After this fiasco on the part of the Lacedaemonians Alcibiades was appointed general, and straightway brought the Argives, Mantineans, and Eleans into alliance with Athens.1
The manner of this achievement of his no one approved, but the effect of it was great. It divided and agitated almost all Peloponnesus; it arrayed against the Lacedaemonians at Mantinea2
so many warlike shields upon a single day; it set at farthest remove from Athens the struggle, with all its risks, in which, when the Lacedaemonians conquered, their victory brought them no great advantage, whereas, had they been defeated, the very existence of Sparta would have been at stake.

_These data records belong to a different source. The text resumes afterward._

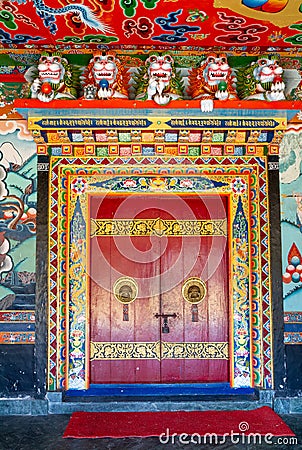 Decorated, with a skillfully made and ornate doorknobs entrance to a temple of the Rumtek Buddhist monastery Stock Photo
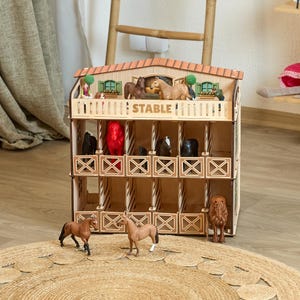 May include: A two-storey wooden toy stable with a tiled roof and the word STABLE printed on the front. The structure features multiple stalls containing various plastic horse figurines in black, brown, and red, with additional horses standing in front.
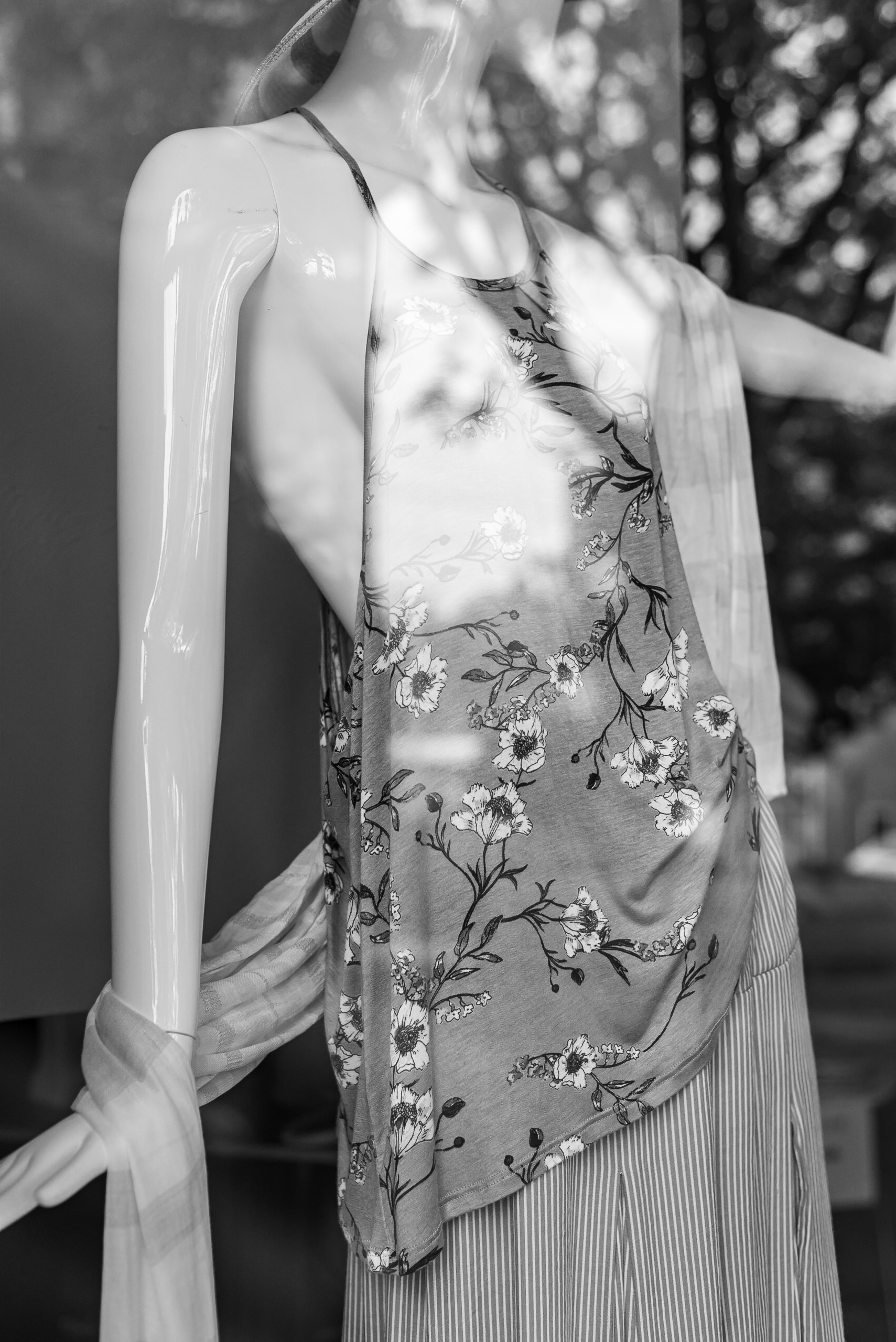Shop mannequin wearing a floral, loosely draped, halter top and thinly stripped skirt.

After this battle of Mantinea, the oligarchs of Argos,
‘The Thousand,’ set out at once to depose the popular party and make the city subject to themselves; and the Lacedaemonians came and deposed the democracy. But the populace took up arms again and got the upper hand.3
Then Alcibiades came and made the people's victory secure. He also persuaded them to run long walls down to the sea, and so to attach their city completely to the naval dominion of Athens.
He actually brought carpenters and masons from Athens, and displayed all manner of zeal, thus winning favour and power for himself no less than for his city. In like manner he persuaded the people of Patrae to attach their city to the sea by long walls.4
Thereupon some one said to the Patrensians:
‘Athens will swallow you up!’
‘Perhaps so,’ said Alcibiades,
‘but you will go slowly, and feet first; whereas Sparta will swallow you head first, and at one gulp.’
However, he counselled the Athenians to assert dominion on land also, and to maintain in very deed the oath regularly propounded to their young warriors in the sanctuary of Agraulus. They take oath that they will regard wheat, barley, the vine, and the olive as the natural boundaries of Attica, and they are thus trained to consider as their own all the habitable and fruitful earth.